The more I did this, the more I noticed how little we really listen to each other.

My favorite example was at a Thanksgiving dinner where I was a guest. I can't remember the exact words (I couldn't write at the table), but here's the gist of it.

College-aged girl: Mom, Dad, I have something important to tell you.

Mom: Sally, please pass the peas to your brother. He's not eating enough. You know he's got a game next week.

Dad: You'll never believe what I saw today.

Teenage son: The guys are getting together tonight, and I wondered . . .

College-age girl: It's pretty important. I don't know how to tell you. . .

Four people with four different trains of thought. Very few intersections. If you listen to conversations, you'll find this happens pretty often. One of the most important aspects of dialogue is that two people talking rarely intersect.

And, dialogue mostly reveals what's not being said. The interesting dialogue, that is. It hints at boiling undercurrents.

Listening can also teach you how we talk: how we use contractions (don't instead of do not) in conversation, how we interrupt each other frequently, how often we change the subject, how we use slang and dialect. Scribe these too.

One of my favorite lines of dialogue, overheard in a doctor's office, was "You can't use turnips for that!" I still haven't found a way to use it in my stories.

Paring Down Real-Life Dialogue
Step two is harder. Literary dialogue doesn't give all the information and fillers that occur in real-life dialogue. So it has to be pared down.

1. Omit anything that's just passing time--unless it hints at underlying emotion. For example, I take out any "hi" and "hello" and "how are you?" and "bye, now"--these are essential social lubricants but they just fill space. Which readers don't enjoy, in books.

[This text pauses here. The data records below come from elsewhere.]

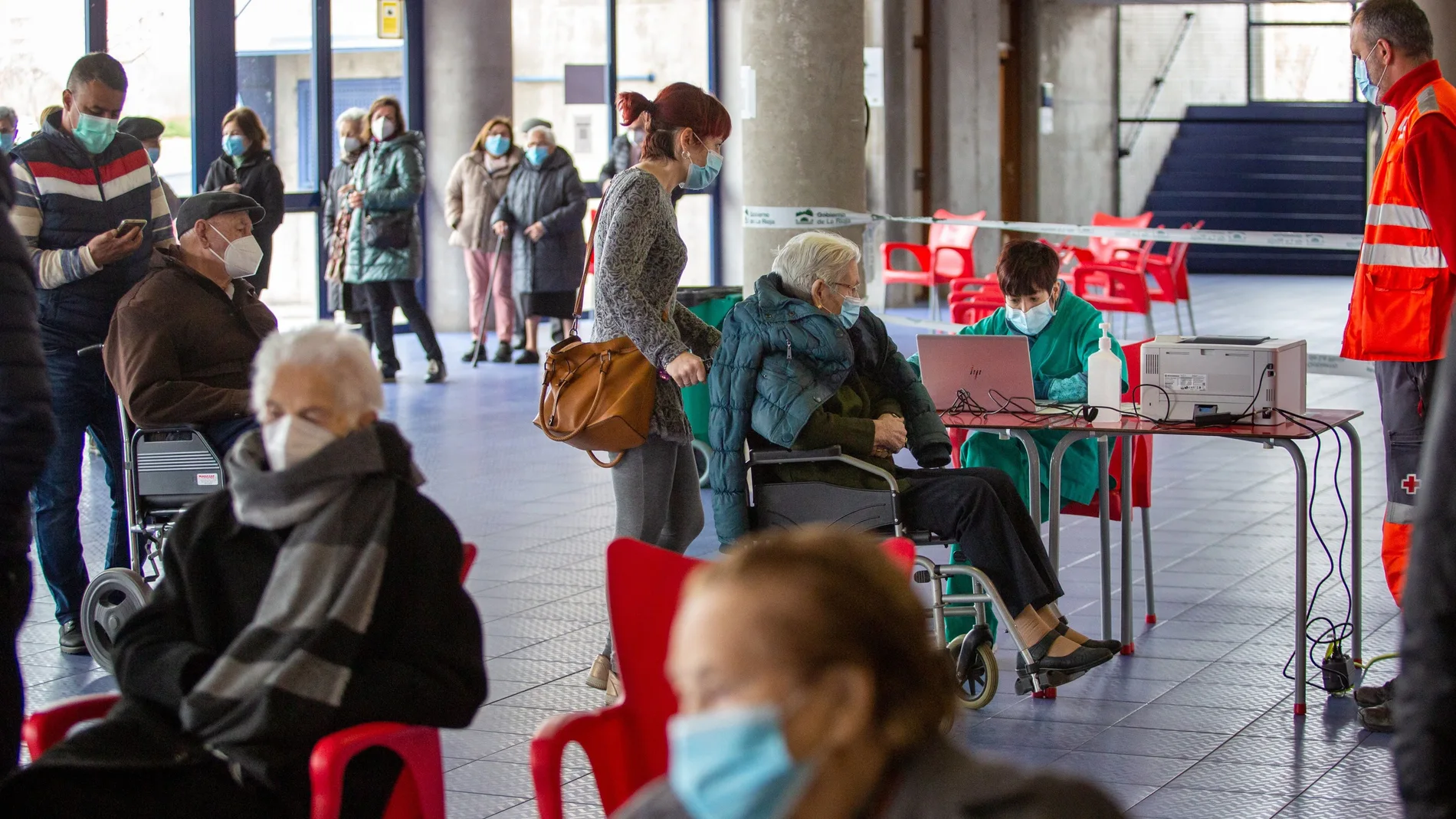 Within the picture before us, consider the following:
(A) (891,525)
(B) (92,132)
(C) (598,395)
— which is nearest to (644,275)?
(C) (598,395)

2. Change all your verbs to contractions--"I am" goes to "I'm"--unless your character is not a native speaker of English. Contractions sound natural; not using them tells the reader that the character is stilted, uncomfortable.

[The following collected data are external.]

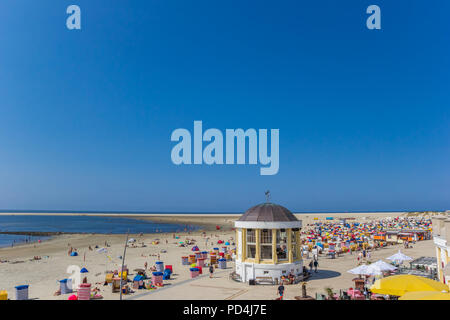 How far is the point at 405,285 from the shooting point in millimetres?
13492

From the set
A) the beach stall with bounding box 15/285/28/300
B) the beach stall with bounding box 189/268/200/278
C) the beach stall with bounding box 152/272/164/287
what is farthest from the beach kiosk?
the beach stall with bounding box 15/285/28/300

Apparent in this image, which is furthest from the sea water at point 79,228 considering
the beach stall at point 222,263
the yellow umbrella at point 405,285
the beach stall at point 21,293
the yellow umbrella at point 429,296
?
the yellow umbrella at point 429,296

3. Shorten sentences in dialogue. A LOT! I try to keep tension and movement in my dialogue with this rule of thumb: sentences no longer than seven words. Three to five is better.

4. Create interruption, beats, pauses, and hiccups in the dialogue. 

Remember that people often interrupt or don't answer in real-life conversations. Where can you break your dialogue into non-responses, interjections, changes of subject? This will create wonderful tension and pacing.